I remembered a better movie.

Not a different movie, exactly. The Echo Game still rules. The bamboo sequence still has the clean, stupid pleasure of watching beautiful people defy physics with perfect posture. Zhang Yimou still knows how to make color feel like choreography. I came back to House of Flying Daggers expecting the romantic cousin to Crouching Tiger, Hidden Dragon and Hero.

What I found was a very pretty movie that keeps mistaking complication for depth.

The plot is trapdoors stacked on trapdoors. Mei is blind until she isn’t. She’s the previous Daggers leader’s daughter until she isn’t. Leo is the corrupt police captain delivering her to the imperial general until he isn’t. The fake rescue Jin runs on Mei is itself a fake rescue Leo and Mei are running on Jin. Mei belongs to Leo until she falls for Jin over the course of a three-day road trip, at which point the mission stops being a mission and becomes a doomed triangle the movie insists has the weight of legend.

By reveal three, I’m not rethinking these people. I’m waiting for blood in the snow. And the snow was an accident.
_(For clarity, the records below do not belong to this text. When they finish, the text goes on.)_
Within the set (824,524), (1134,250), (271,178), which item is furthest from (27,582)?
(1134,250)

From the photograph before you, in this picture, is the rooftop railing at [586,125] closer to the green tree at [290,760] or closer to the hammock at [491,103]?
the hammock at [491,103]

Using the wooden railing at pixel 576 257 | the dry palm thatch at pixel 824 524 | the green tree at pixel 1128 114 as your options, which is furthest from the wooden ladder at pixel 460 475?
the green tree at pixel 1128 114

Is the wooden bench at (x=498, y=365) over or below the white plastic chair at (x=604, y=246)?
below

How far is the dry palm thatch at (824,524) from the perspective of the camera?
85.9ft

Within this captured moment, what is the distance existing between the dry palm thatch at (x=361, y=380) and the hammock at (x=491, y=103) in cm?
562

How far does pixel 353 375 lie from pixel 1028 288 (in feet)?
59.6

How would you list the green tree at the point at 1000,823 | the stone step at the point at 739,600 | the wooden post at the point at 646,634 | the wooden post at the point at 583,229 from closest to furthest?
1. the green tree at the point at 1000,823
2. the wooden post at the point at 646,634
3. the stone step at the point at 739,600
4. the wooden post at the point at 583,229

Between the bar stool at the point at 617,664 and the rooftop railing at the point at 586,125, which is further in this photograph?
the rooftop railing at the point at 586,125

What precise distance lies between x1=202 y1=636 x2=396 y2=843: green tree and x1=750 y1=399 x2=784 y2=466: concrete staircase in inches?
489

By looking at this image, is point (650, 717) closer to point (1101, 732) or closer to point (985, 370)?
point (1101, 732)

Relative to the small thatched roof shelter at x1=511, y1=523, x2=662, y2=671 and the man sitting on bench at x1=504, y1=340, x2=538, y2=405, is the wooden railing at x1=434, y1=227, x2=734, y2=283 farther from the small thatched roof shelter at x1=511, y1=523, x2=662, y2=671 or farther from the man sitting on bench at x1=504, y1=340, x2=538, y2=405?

An unseasonable early snowfall hit the Ukrainian shoot before Zhang had finished his exteriors. Leaves still on the trees. Rather than wait for the thaw, Zhang rewrote the ending around it, putting the final confrontation in yellow autumn leaves against fresh white snow. The movie’s most famous image exists because the weather refused to cooperate.

That accident is the best thing that could have happened to this thing. The visual register breaks, which gives the ending a discipline the rest of the movie keeps dodging. Up to that point, Daggers has been flying around in greens and golds, borrowing some of Hero’s chromatic logic without quite earning its severity. Then the snow arrives and rejects all of it. The first three acts decorate. The last twenty minutes get down to business.

The snow does the dramatic work the romance has been too impatient to do. Jin and Leo start on white ground. By the end, the ground is red. Yellow leaves above them, white snow under them, blood spreading through the whole shebang. For once, the movie stops telling me the feelings are enormous and simply gives me an image large enough to hold them.

Mei has known Jin three days. She has waited for Leo three years. The land doesn’t care which love should count more. That’s the one idea in the film that finally hurts. Mei pulls the dagger out of her own body to throw it. She chooses the man she loved for three days over the man she waited with for three years. For forty seconds, House of Flying Daggers becomes the romantic tragedy it has spent two hours trying to announce itself into being.

I prefer Hero because it is more ambitious than Daggers ever tries to be. I prefer Crouching Tiger because it is the more disciplined all-arounder. Daggers gets paired with both, and I think that pairing has been doing it a too much of favor for twenty years.

Still: the snow saves it, the bamboo sequence holds up, and the Echo Game still crushes. But the movie I remembered was mostly the ending, pretending backward that the first hundred minutes had earned it.